Terkinidotid Hadir di WhatsApp Channel
Follow
Terkini.id, Jakarta - Terkait pemberitaan dilepaskannya PMII Komisariat UIN Alauddin Makassar setelah Badan Pengurus Harian (BPH) PMII cabang Makassar mengeluarkan surat keputusan hasil rapat pleno, Sekretaris Jenderal (Sekjen) PB PMII Sabolah Al Kalambi angkat bicara. Sabolah Al Kalambi menanggapi sebuah kiriman berita dari seorang citizen (warga) atas nama Ridwan dengan judul "Pengurus Cabang PMII Makassar Lepas Komisariat UIN Alauddin, Ini Reaksi Sabolah Sekjend PB". Dalam pemberitaannya tersebut, Citizen Ridwan menyebutkan bahwa Sabolah saat bertemu dengan Dewan Pembina Komisariat UIN Taqdir Khair, pada 24 Juli 2019, mengaku baru mendengar masalah internal PMII Makassar tersebut.
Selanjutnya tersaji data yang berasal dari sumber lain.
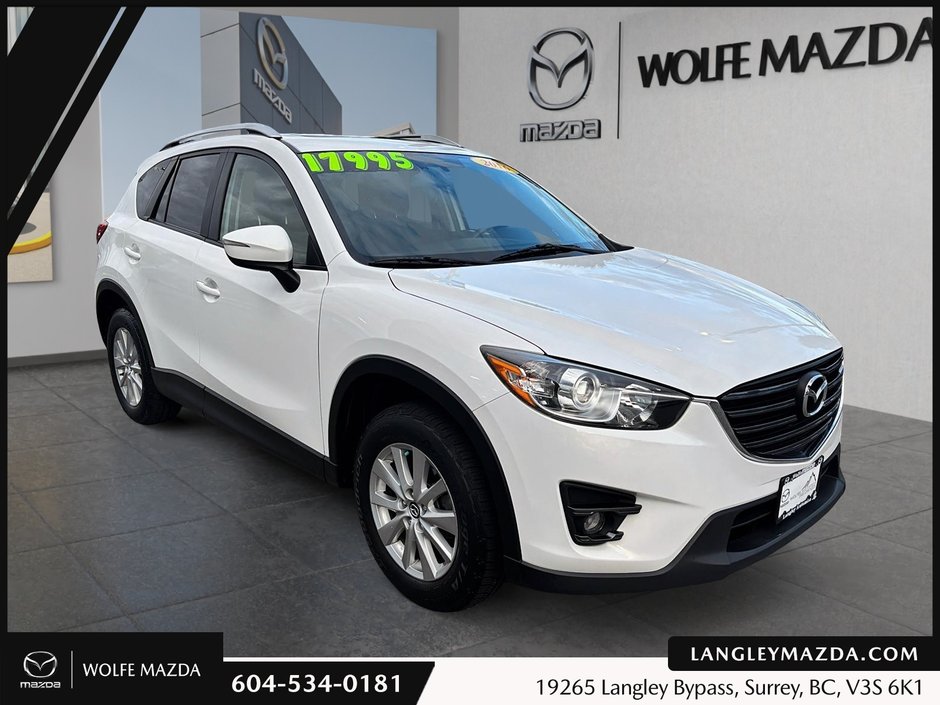 2016 Mazda CX-5 GS-2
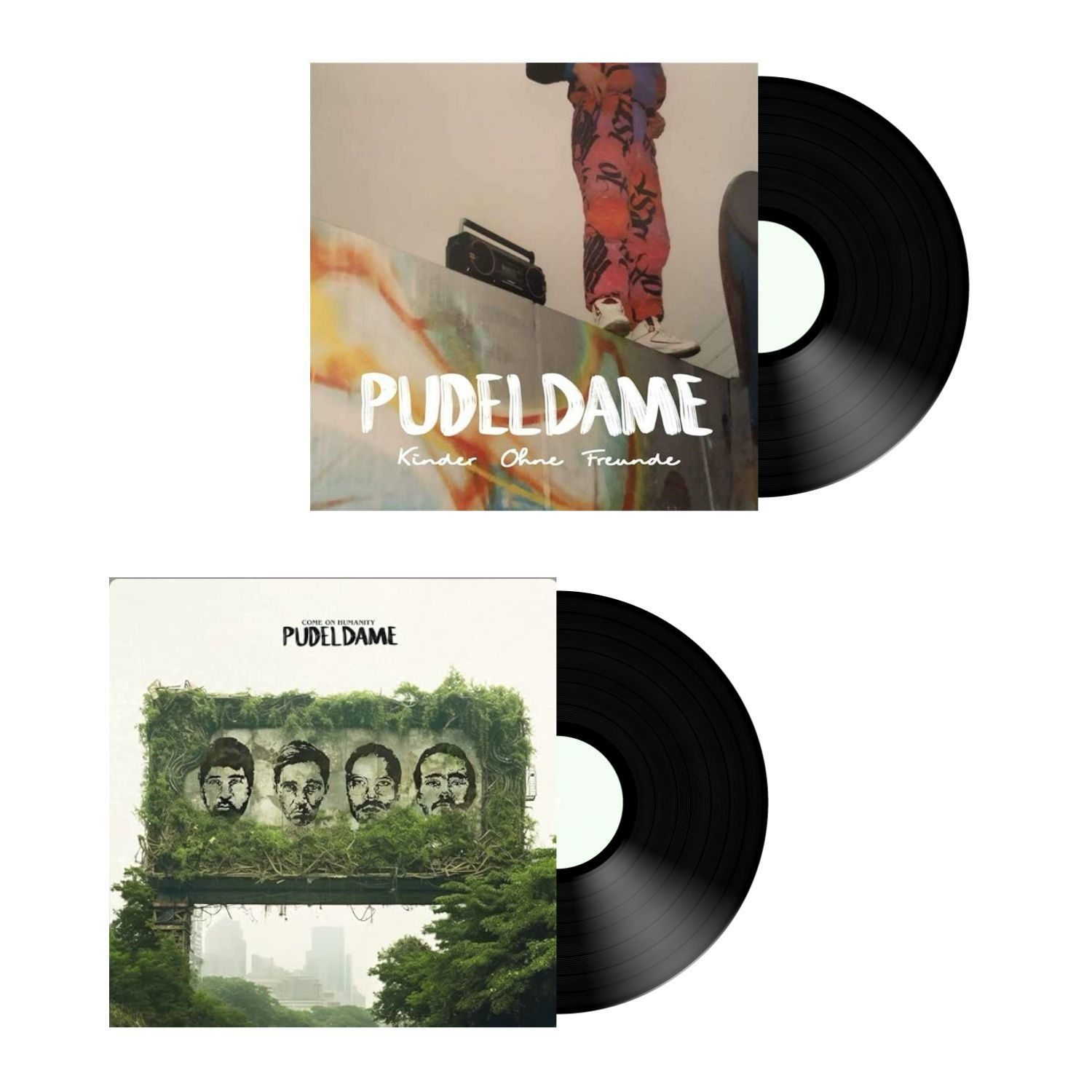 Vinyl-Bundle3: 2 LPs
Dalam keterangan tertulisnya kepada terkini.id, Sabtu, 27 Juli 2019, Sabolah mengatakan apa yang disebutkan dalam naskah pemberitaan Ridwan itu tidak benar sepenuhnya. "Menyikapi pemberitaan sebelumnya yang mengatasnamakan komentar saya secara institusi, terkait persoalan internal PC PMII Makassar saya Sabolah Al Kalambi atas nama pribadi mengatakan bahwa itu semua tidak benar," kata Sabolah di Jakarta, Sabtu, 27 Juli 2019. Dalam klarifikasinya, Sabolah mengungkapkan bahwa dirinya telah mengetahui persoalan internal PMII Makassar. "Terkait persoalan yang terjadi kami serahkan ke internal PKC PMII Sulsel, karena jauh hari sebelumnya saya tahu ada polemik yang terjadi dan semua itu kami serahkan ke PKC Sulsel untuk menyelesaikan. Jadi tidak betul itu kalau saya tidak tahu persoalan ini," ujarnya.

Sekjen PB PMII minta semua pihak untuk tidak menggunakan namanya tanpa izin

Sabolah Al Kalambi menegaskan bahwa pertemuannya dengan Taqdir Khair adalah sebuah kebetulan, dan tidak direncanakan sebelumnya. "Untuk itu saya menekankan bahwa pertemuan saya dengan salah satu pembina PMII UIN Makassar, saudara Taqdir, adalah sebuah kebetulan tidak ada janji dan ngobrol biasa sehingga kaget juga ketika obrolan biasa dijadikan berita tanpa izin," ungkapnya. Maka dari itu, ia meminta kepada semua pihak untuk tidak lagi menggunakan namanya tanpa ada konfirmasi sebelumnya kepada dirinya. "Saya meminta kepada semua pihak untuk tidak lagi menggunakan nama saya tanpa ada konfirmasi sebelumnya dan terkait pemberitaan sebelumnya saya meminta untuk tidak digunakan sebagai strategi penguatan," harap Sabolah. "Kemudian hari saya berharap tidak ada lagi pencatutan nama saya, Yang dapat merugikan saya secara pribadi ketika hal ini masih berlanjut saya akan mengambil jalur hukum sebagaimana mestinya," tegasnya.